United States v. Anthony J. Dirusso

535 F.2d 673, 1976 U.S. App. LEXIS 11236
CourtCourt of Appeals for the First Circuit
DecidedMay 20, 1976
Docket76-1120
StatusPublished
Cited by50 cases

This text of 535 F.2d 673 (United States v. Anthony J. Dirusso) is published on Counsel Stack Legal Research, covering Court of Appeals for the First Circuit primary law. Counsel Stack provides free access to over 12 million legal documents including statutes, case law, regulations, and constitutions.

Bluebook
United States v. Anthony J. Dirusso, 535 F.2d 673, 1976 U.S. App. LEXIS 11236 (1st Cir. 1976).

Opinion

COFFIN, Chief Judge.

This application seeks review of the district court’s grant of bail to a federal prisoner seeking § 2255 relief. See Woodcock v. Donnelly, 470 F.2d 93 (1st Cir. 1972); Glynn v. Donnelly, 470 F.2d 95 (1st Cir. 1972). The issue before us stems from the concern of a judge over the application, to a defendant he had sentenced, of the new “Paroling policy guidelines” of the United States Board of Parole. 28 C.F.R. § 2.20 (1975). The threshold legal question is: does the sentencing court have jurisdiction under 28 U.S.C. § 2255, when the prisoner is incarcerated in another district, to consider altering the sentence because the application of the guidelines is not what the court expected in imposing the sentence?

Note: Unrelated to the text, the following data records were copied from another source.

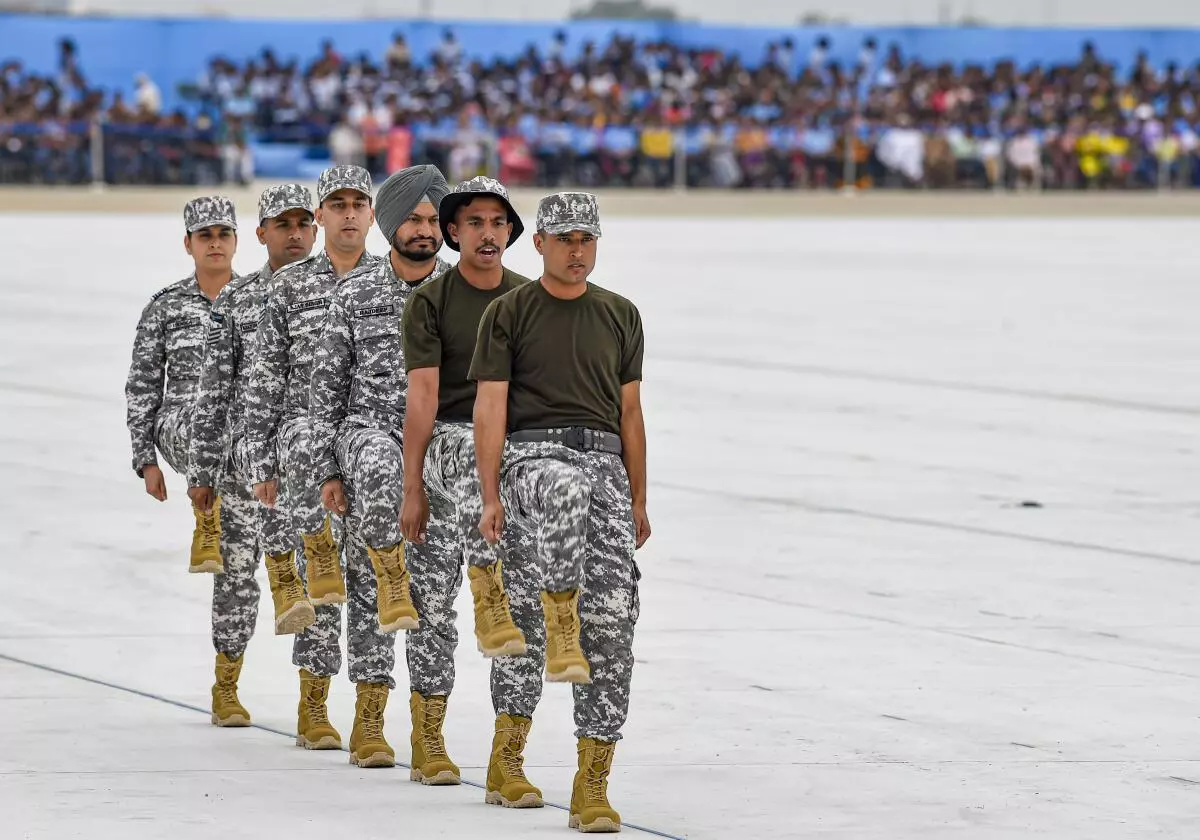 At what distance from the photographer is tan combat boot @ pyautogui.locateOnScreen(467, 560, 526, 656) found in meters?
6.73

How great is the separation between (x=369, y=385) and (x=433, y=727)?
108 centimetres

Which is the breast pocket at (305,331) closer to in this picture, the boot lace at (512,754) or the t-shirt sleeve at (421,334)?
the t-shirt sleeve at (421,334)

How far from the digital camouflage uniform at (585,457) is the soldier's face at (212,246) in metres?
2.14

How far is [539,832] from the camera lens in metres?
6.76

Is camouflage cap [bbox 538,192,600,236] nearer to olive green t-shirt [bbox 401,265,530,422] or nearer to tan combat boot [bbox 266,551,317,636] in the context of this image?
olive green t-shirt [bbox 401,265,530,422]

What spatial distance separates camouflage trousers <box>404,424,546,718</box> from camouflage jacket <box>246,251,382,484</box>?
77 cm

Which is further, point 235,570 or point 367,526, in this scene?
point 235,570

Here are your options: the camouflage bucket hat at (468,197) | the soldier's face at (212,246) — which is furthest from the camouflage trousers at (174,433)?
the camouflage bucket hat at (468,197)

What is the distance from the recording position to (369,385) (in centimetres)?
745

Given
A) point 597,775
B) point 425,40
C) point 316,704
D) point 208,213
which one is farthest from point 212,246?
point 425,40

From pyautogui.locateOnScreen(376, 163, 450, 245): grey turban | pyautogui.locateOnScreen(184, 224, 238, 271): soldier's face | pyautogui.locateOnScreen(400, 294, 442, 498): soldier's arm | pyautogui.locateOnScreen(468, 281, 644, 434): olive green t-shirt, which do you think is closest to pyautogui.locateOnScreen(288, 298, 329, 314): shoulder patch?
pyautogui.locateOnScreen(376, 163, 450, 245): grey turban

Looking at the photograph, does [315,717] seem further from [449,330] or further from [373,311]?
[449,330]

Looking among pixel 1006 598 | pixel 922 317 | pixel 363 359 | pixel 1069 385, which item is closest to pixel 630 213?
pixel 922 317

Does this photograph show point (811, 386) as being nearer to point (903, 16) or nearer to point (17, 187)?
point (17, 187) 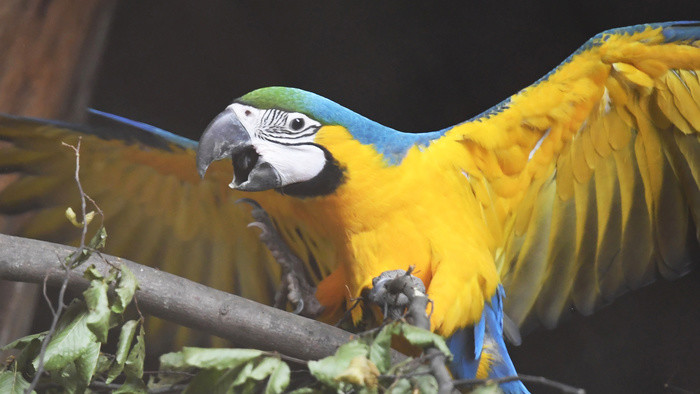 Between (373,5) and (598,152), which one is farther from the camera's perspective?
(373,5)

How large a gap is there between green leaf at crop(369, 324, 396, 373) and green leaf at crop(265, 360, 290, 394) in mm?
103

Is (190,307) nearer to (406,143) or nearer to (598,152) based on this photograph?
(406,143)

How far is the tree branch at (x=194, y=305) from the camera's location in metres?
0.92

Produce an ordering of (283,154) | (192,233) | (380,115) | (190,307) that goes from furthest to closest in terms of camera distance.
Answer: (380,115)
(192,233)
(283,154)
(190,307)

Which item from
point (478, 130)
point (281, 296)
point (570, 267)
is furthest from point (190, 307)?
point (570, 267)

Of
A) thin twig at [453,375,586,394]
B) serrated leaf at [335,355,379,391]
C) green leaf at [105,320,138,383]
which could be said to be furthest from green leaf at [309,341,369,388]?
green leaf at [105,320,138,383]

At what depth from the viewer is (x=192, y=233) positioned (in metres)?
1.66

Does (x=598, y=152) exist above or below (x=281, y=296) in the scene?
above

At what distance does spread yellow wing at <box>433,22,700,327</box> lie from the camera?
133 centimetres

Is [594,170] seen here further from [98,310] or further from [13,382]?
[13,382]

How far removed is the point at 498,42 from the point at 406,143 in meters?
0.59

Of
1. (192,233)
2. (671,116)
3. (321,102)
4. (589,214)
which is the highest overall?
(671,116)

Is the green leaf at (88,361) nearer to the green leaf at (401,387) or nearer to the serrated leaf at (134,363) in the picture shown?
the serrated leaf at (134,363)

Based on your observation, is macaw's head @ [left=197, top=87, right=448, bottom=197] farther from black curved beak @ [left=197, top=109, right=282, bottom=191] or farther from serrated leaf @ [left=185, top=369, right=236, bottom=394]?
serrated leaf @ [left=185, top=369, right=236, bottom=394] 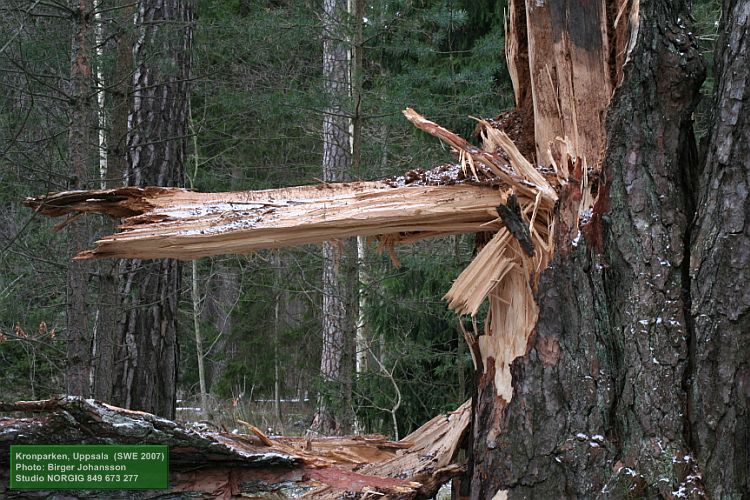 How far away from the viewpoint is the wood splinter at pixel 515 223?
10.6 ft

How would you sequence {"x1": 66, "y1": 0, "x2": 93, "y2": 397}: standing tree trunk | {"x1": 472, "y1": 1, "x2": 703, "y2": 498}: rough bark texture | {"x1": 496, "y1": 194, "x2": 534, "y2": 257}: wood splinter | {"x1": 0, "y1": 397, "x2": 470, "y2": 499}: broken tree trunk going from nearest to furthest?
{"x1": 472, "y1": 1, "x2": 703, "y2": 498}: rough bark texture → {"x1": 496, "y1": 194, "x2": 534, "y2": 257}: wood splinter → {"x1": 0, "y1": 397, "x2": 470, "y2": 499}: broken tree trunk → {"x1": 66, "y1": 0, "x2": 93, "y2": 397}: standing tree trunk

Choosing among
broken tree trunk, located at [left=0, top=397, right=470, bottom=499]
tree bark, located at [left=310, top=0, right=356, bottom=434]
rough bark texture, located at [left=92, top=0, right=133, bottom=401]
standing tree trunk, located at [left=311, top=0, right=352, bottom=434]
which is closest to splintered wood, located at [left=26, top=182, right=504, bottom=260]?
tree bark, located at [left=310, top=0, right=356, bottom=434]

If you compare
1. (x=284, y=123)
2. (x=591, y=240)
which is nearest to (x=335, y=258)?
(x=284, y=123)

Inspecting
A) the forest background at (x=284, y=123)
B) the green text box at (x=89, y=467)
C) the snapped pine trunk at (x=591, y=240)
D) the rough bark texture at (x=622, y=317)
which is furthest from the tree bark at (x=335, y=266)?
the green text box at (x=89, y=467)

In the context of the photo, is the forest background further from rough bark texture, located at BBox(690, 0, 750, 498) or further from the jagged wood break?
rough bark texture, located at BBox(690, 0, 750, 498)

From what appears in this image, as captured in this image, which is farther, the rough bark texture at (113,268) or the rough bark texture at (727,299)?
the rough bark texture at (113,268)

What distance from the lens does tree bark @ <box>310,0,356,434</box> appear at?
650 centimetres

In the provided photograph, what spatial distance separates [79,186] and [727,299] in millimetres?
3687

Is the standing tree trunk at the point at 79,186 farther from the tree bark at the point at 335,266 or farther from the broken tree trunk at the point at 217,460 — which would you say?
the tree bark at the point at 335,266

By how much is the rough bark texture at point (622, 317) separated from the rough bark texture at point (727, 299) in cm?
7

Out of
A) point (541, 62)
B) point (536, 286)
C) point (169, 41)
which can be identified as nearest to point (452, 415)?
point (536, 286)

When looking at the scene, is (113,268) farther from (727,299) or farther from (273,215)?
(727,299)

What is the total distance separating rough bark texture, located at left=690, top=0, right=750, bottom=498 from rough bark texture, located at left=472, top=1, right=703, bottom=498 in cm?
7

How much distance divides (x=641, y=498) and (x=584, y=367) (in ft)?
1.81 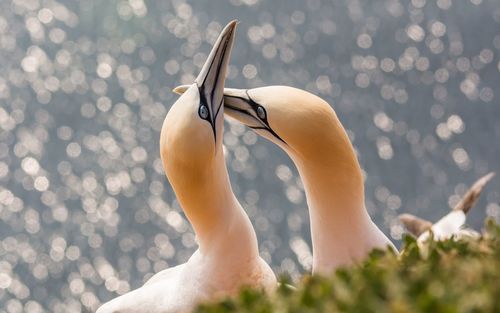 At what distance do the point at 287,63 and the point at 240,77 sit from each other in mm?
1613

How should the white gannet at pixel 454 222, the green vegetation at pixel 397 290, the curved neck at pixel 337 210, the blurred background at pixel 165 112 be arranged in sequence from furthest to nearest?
1. the blurred background at pixel 165 112
2. the white gannet at pixel 454 222
3. the curved neck at pixel 337 210
4. the green vegetation at pixel 397 290

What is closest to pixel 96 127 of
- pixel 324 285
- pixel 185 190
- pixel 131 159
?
pixel 131 159

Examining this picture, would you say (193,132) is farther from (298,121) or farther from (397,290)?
(397,290)

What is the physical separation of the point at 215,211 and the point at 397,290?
240 cm

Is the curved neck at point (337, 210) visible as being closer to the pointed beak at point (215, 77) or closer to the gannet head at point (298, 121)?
the gannet head at point (298, 121)

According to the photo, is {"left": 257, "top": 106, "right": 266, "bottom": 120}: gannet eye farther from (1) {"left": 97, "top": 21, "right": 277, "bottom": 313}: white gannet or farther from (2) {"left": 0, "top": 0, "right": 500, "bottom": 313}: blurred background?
(2) {"left": 0, "top": 0, "right": 500, "bottom": 313}: blurred background

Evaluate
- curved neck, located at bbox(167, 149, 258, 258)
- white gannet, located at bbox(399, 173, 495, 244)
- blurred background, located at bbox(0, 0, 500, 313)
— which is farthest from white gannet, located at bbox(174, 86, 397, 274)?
blurred background, located at bbox(0, 0, 500, 313)

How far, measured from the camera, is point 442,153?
70.1 ft

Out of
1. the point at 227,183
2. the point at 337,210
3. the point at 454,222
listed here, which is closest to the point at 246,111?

The prisoner, Anthony DiRusso, then age 18, and a first time offender, pleaded guilty to armed bank robbery in February, 1975, in the District of Massachusetts. He was *674 sentenced under the Federal Youth Corrections Act, 18 U.S.C. § 5010(b). After a stay of sentence to allow him to complete his senior year of high school, he entered the Federal Correctional Institution at Ashland, Kentucky, on June 19,1975, where he eventually was given a tentative release eligibility date in strict accordance with the guidelines.

The guidelines are the result of an effort to introduce more consistency in parole decision-making, without being absolutely inflexible. They indicate ranges of time to be served before release would normally be contemplated, depending chiefly upon the severity of the offense and a “salient factor score”, which is obtained by adding up points given for certain objectively determinable characteristics of the offender and which is deemed somewhat predictive of good adjustment to society. The resulting time range may be adjusted up or down, depending upon an exceptionally good or bad record within the prison. 28 C.F.R. § 2.20(a), (b), (c). Under the guidelines, petitioner’s crime (bank robbery involving use of a weapon) bears an “offense characteristic” of “very high” severity, while his parole prognosis (or salient factor score) was “very good”. These two factors gave him a period of 20 to 27 months before he could, normally, be released. The Parole Board, as the result of a review initiated by petitioner, applying its calculus, and using the maximum end of the range, made its “Tentative Decision” to defer any further review until August, 1977, which would be in petitioner’s 27th month of incarceration.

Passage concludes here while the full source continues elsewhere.